Scott savait également, aussi bien que tout le reste de l'univers, que miss Martyn, arrivée dans l'Inde quatre années auparavant, pour tenir la maison de son frère, lequel, et chacun pareillement le savait, avait emprunté l'argent de son passage, aurait dû, d'avis unanime, être mariée depuis longtemps. Bien loin de là elle avait refusé successivement une demi-douzaine environ de sous-lieutenants, un fonctionnaire civil, son aîné de vingt ans, un major, et quelqu'un du service médical de l'Inde. Cela aussi se connaissait de notoriété publique.
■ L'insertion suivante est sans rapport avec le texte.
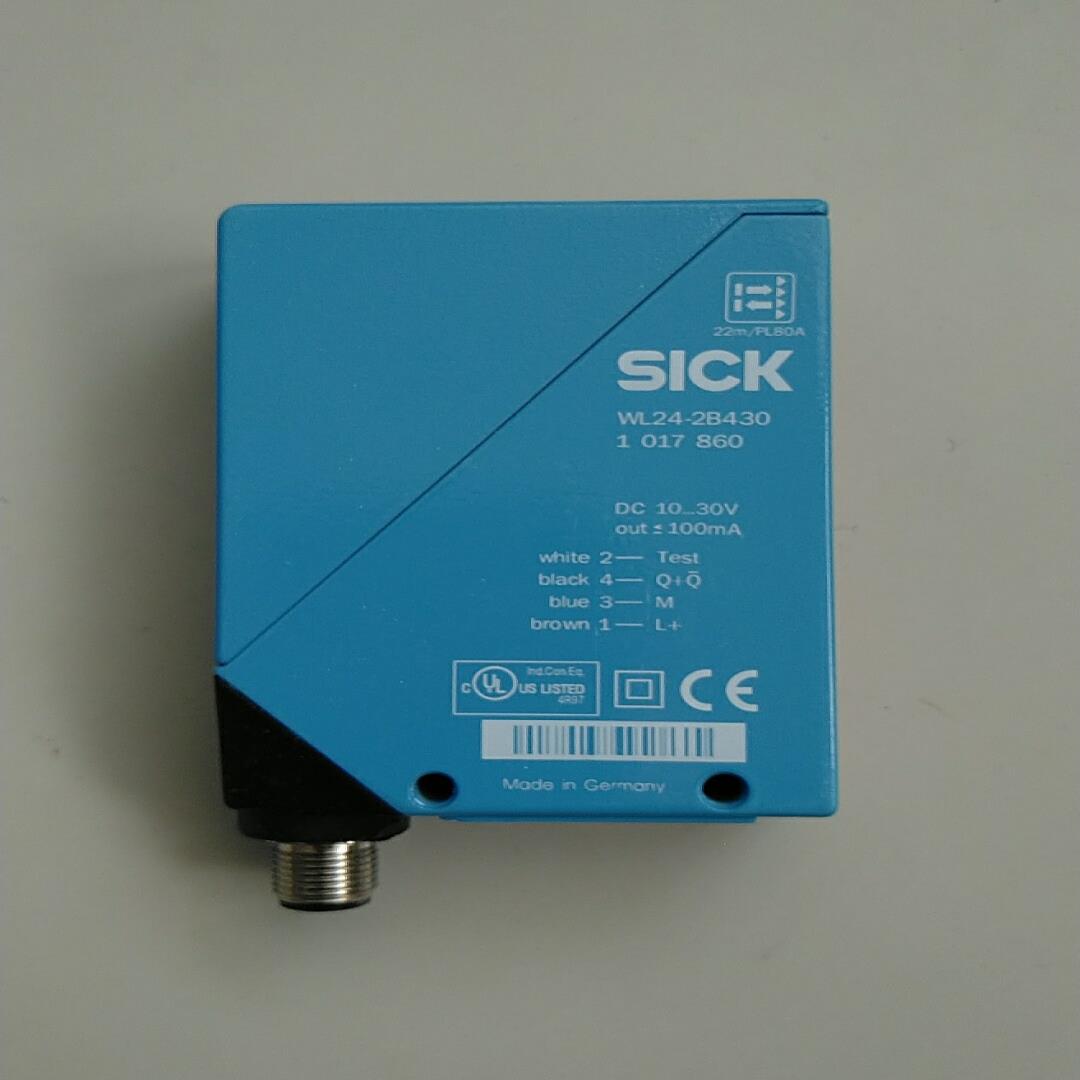 SICK开关 WL24-2B430~议价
Elle était « restée en plaine trois étés », comme on dit, parce que son frère, endetté, ne pouvait suffire à la dépense de l'envoyer même à une station de montagne bon marché. Partant, elle avait le teint blanc d'ivoire, et, au milieu du front, une grande cicatrice argentée, de la taille d'un shilling — la marque d'un bouton de Delhi, qu'on appelle ailleurs « datte de Bagdad ». Cela provient de l'eau impure et ronge lentement la chair jusqu'au moment où c'est à point pour qu'on le brûle à l'eau-forte.

William ne s'en était pas moins amusée énormément pendant ces quatre années. Elle avait failli se noyer deux fois en passant une rivière à cheval ; un autre jour son chameau s'était emballé ; elle avait assisté à une attaque de nuit dirigée par des voleurs sur le camp de son frère et vu rendre la justice au moyen de longues verges, en plein air, sous les arbres ; elle savait parler l'urdu et même le punjabi courant avec une facilité d'élocution que ses aînés lui enviaient ; elle avait entièrement rompu avec l'habitude d'écrire à ses tantes en Angleterre, ou de couper les pages des revues anglaises ; traversé une très mauvaise année de choléra et vu des choses impossibles à raconter ; puis couronné ses expériences par six semaines de fièvre typhoïde, durant lesquelles on lui avait rasé la tête ; et elle n'en comptait pas moins célébrer son vingt-troisième anniversaire ce septembre-là. Les tantes apparemment n'auraient guère approuvé une jeune fille qui ne se posait jamais à terre si une monture était à portée de voix ; qui se rendait à cheval au bal, un châle jeté sur ses jupes ; qui portait les cheveux courts et frisés tout autour de la tête ; qui répondait indifféremment au nom de William the Conqueror ou de Bill, dont le langage se parait des fleurs du dialecte indigène, capable de tenir un rôle dans une représentation d'amateurs, de jouer du banjo, de gouverner huit domestiques et deux chevaux, leurs comptes et leurs maladies, et de fixer un homme lentement, délibérément, entre les yeux — voire après une déclaration reçue et un « non » répondu.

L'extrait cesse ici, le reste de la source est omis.